Russian intelligence accused Ukrainian “special services” of carrying out a car bombing that killed Darya Dugina, the daughter of an influential Russian ultra-nationalist who has backed Moscow’s invasion.
The killing of Dugina on Saturday sparked speculation over who was behind the attack, with Kyiv denying any involvement.
An explosive device blew up the Toyota Land Cruiser that Dugina was driving on a highway outside of Moscow, Russian investigators said.
Russian media reported her father, Alexander Dugin, who has backed Russian President Vladimir Putin’s war on Ukraine, switched cars with his daughter shortly before the blast.
Dugin – a philosopher, writer and political theorist who some in the West have dubbed “Putin’s brain” – is believed by some to have been the intended target.

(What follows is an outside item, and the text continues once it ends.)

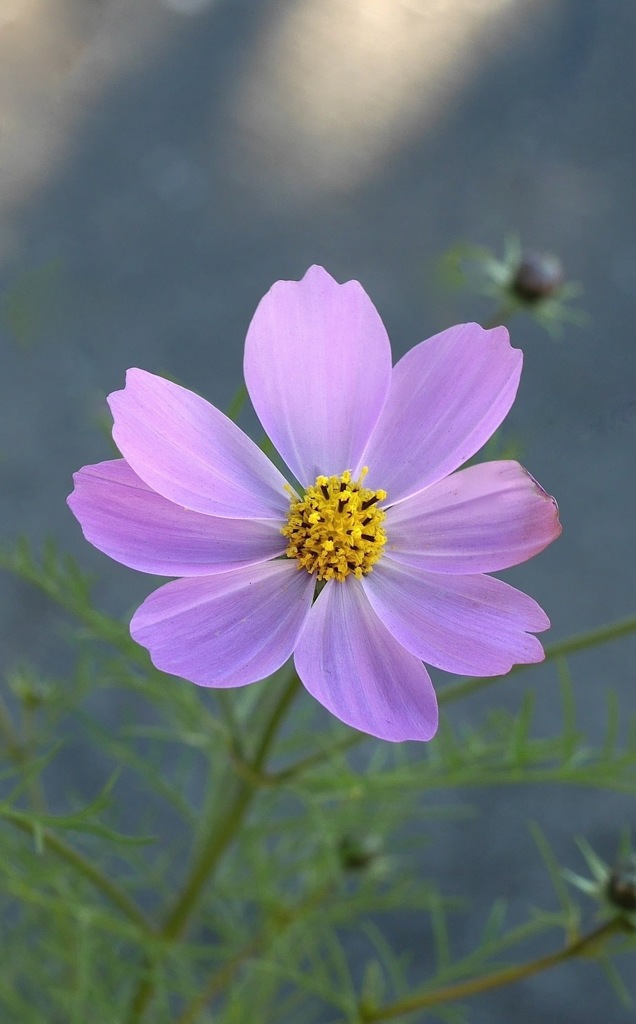 待つ人の影なく花びらは舞い来る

In a statement on Monday, Russia’s Federal Security Service (FSB), the main successor to the KGB, said the “crime was prepared and committed by Ukrainian special services”.
Russian resistance?
The Russian intelligence service said a woman and her teenage daughter arrived in Russia in July and spent a month preparing the attack by renting an apartment in the same housing block and researching Dugina’s lifestyle.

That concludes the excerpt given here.